Delivery System Transformation Initiatives (DSTI)

Program Location: 
Boston, MA
Payer Type: 

Reported Outcomes


The Delivery System Transformation Initiatives (DSTI) program is a performance-based incentive payment program to support and reward safety net hospitals for investing in delivery system transformation projects that advance the triple aims of better care, better population health, and lower costs. In addition, DSTI supports safety net providers’ investments in the infrastructure and capacities necessary to prepare for the transition away from fee-for-service payments toward alternative payment arrangements that hold providers accountable for the quality and cost of care. DSTI is jointly supported by the Commonwealth and the federal Center for Medicare and Medicaid Services (CMS).

The DSTI program was approved in December 2011 under Massachusetts’ 1115 Medicaid Demonstration Waiver. In early 2012, MassHealth worked closely with CMS and participating hospitals to develop a “Master DSTI Plan” outlining a comprehensive set of transformation projects and associated performance metrics within each of four categories:

  • Development of a fully integrated delivery system built on Patient-Centered Medical Home principles; 
  • Implementation of innovative care models to improve quality of care and health outcomes; 
  • Development of capabilities necessary to implement alternative payment models; 
  • Population-focused health outcome improvements.

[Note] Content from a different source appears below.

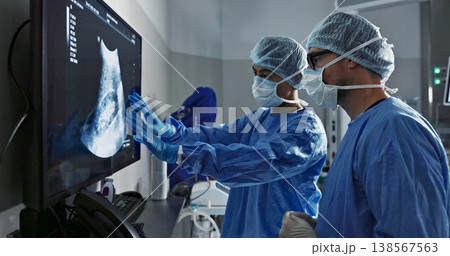 Surgery, x ray and a team of doctors in the hospital for an operation or procedure to remove a tumor. Healthcare, medical teamwork and a surgeon looking at a screen with a medicine professional Surgery, x ray and a team of doctors in the hospital for an operation or procedure to remove a tumor. Healthcare, medical teamwork and a surgeon looking at a screen with a medicine professional 138567563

Each participating hospital developed its own unique transformation plan, selecting up to seven projects from the Master DSTI Plan with proposed milestones and metrics by which hospital performance would be measured. MassHealth and CMS approved the hospital-specific plans in the spring of 2012, and hospitals received their first incentive payments in June. Hospitals will report on their progress and receive associated incentive payments on a semi-annual basis, and MassHealth will continue to work closely with the hospitals to track their progress and provide ongoing technical assistance as needed.  

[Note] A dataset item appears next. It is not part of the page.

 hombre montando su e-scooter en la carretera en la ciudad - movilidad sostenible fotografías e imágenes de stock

Participating hospitals are undertaking a wide array of transformation projects, such as transforming primary care practices to patient-centered medical homes; piloting care management programs for patients with chronic or complex conditions; redesigning discharge processes to lower readmissions; strengthening communications and EHR linkages with providers across the spectrum of care; conducting readiness assessments to become an ACO; and building IT capacity and analytics infrastructure to better track and manage quality and cost of care. Hospitals eligible to participate in the DSTI program have a particularly high Medicaid payer mix and a low commercial payer mix; eligible hospitals include Boston Medical Center, Cambridge Health Alliance, Holyoke Medical Center, Lawrence General Hospital, Mercy Medical Center, Signature Healthcare Brockton Hospital, and Steward Carney Hospital. 

Payment Model: 

Up to $628 million in incentives is available to seven hospital systems over three years (2012-2014). In order to earn DSTI payments, each hospital must meet the performance goals outlined in its three-year transformation plan. 

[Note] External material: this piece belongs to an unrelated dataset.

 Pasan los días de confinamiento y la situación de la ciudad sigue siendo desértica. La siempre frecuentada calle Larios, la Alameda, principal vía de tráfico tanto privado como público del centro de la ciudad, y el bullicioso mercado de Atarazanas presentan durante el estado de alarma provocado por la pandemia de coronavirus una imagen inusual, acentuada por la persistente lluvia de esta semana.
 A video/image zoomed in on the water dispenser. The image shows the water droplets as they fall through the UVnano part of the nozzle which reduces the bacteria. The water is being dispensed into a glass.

The approved 2014 waiver renewal affords the authoridty to implement shared savings/shared risk payment arrangements that will support Primary Care Payment Reform and future contracts with ACOs. 

Improved Access: 

MassHealth Interim Report (September 2013)

Data from the PCMHI Medical Home Implementation Quotient (MHIQ) and patient experience surveys collected during the first 18 months of the PCMHI demonstrate overall progress toward the adoption of “medical homeness” by participating practices. Care management, access, and patientcenteredness showed the largest improvement.